Is the Conservative vs. Liberal Litmus Paper Test Reliable in Predicting Which Judges Are Likely to Rule for or Against Property Oners in Eminent Domain Cases?

          Don’t miss Professor Ilya Somin’s discussion on the Volokh Conspiracy about the fallacy of categorizing court decisions involving eminent domain, as eithet pro-business or anti-business. Go to http://volokh.com/posts/1243651525.shtml to check it out.

         In a nutshell, what is going on is that left-liberal commentators and journalists are often besotted with the idea of the government taking property from its rightful owners for some public purpose (like roads, government buildings etc.) or for some “public-private” scam like redevelopment, that is labeled a “public use” even what it plainly and primarily benefits private business interests at public expense. But Professor Somin’s point brigs to mind something else that we have had occasion to think about during our decades in the condemnation law biz.

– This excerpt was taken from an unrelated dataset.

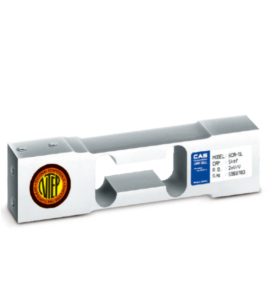 BCA Loadcell | Platform Tipi Yük Hücresi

         It is also misleading to classify court decisions in these cases as being conservative vs. liberal. Why? Because conservative judges are often authority-oriented and tend to rule for the authority figure like the government, while liberal judges ostensibly favor the individual and under the right circumstances can summon the will to rule against the government which is what they tend to do in non-condemnation cases. Thus, in California, impeccably liberal judges, like the California Supreme Court Associate Justice Stanley Mosk were capable of producing opinions that favored the condemnees’ side both on the right to take and on issues of compensation.

         Thus, on the former point, Justice Mosk was the author of the forceful dissent in the leading excess condemnation case, People v. Superior Court (Rodoni) 68 Cal.2d 206 (1968) where he objected to the state’s taking of some 50 acres of land in excess to what it concededly required for a freeway. He was proven right when a few years later the California Little Hoover Commission investigated the state’s excess land acquisition program and found that, far from saving money as claimed by the state, it was a rathole for public funds. Proceeding under it, the state had acquired some $100 million worth of land which it could neither use nor sell.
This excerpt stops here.